Es ist kein Monsterberg, aber nach all den Anstrengungen könnte es auch hier große Abstände geben.

 

Das Profil des Schlussanstiegs

Bergwertung ist 2 km vor Gipfel

 

Die Favoriten

Für einen Sieg aus einer Ausreißergruppe kommen nur extrem starke Kletterer in Frage. Simon Yates hat sich gestern zurückgehalten und seinen Bruder vorgelassen, vielleicht ist er nun wieder an der Reihe. Thomas de Gendt ist bei jeder Attacke gern dabei und auch Fahrer wie Pello Bilbao, Warren Barguil oder Ilnur Zakarin wären Kandidaten. Vielleicht schickt Movistar Alejandro Valverde in die Gruppe des Tages. Der Spanier könnte später helfen, aber auch um den Tagessieg fahren.

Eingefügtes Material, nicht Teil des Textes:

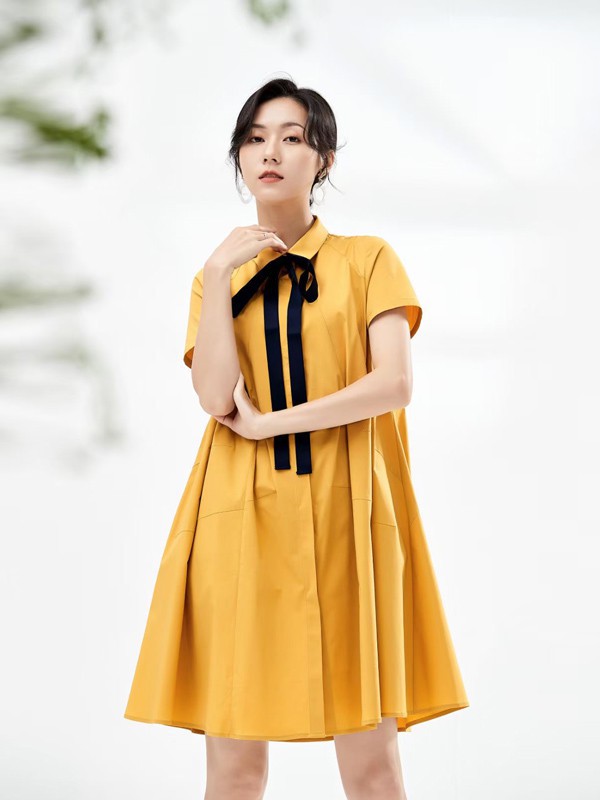 简约衬衫裙轻松打造高级感 尼赫菲女装个性不张扬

Die große Höhe wird eine Rolle spielen und das dürfte vielleicht den Kolumbianern in die Karten spielen. Egan Bernal machte am Galibier einen starken Eindruck, auch Rigoberto Uran hat sich gefangen, nachdem er in den Pyrenäen noch nicht bei den Besten mitfahren konnte. 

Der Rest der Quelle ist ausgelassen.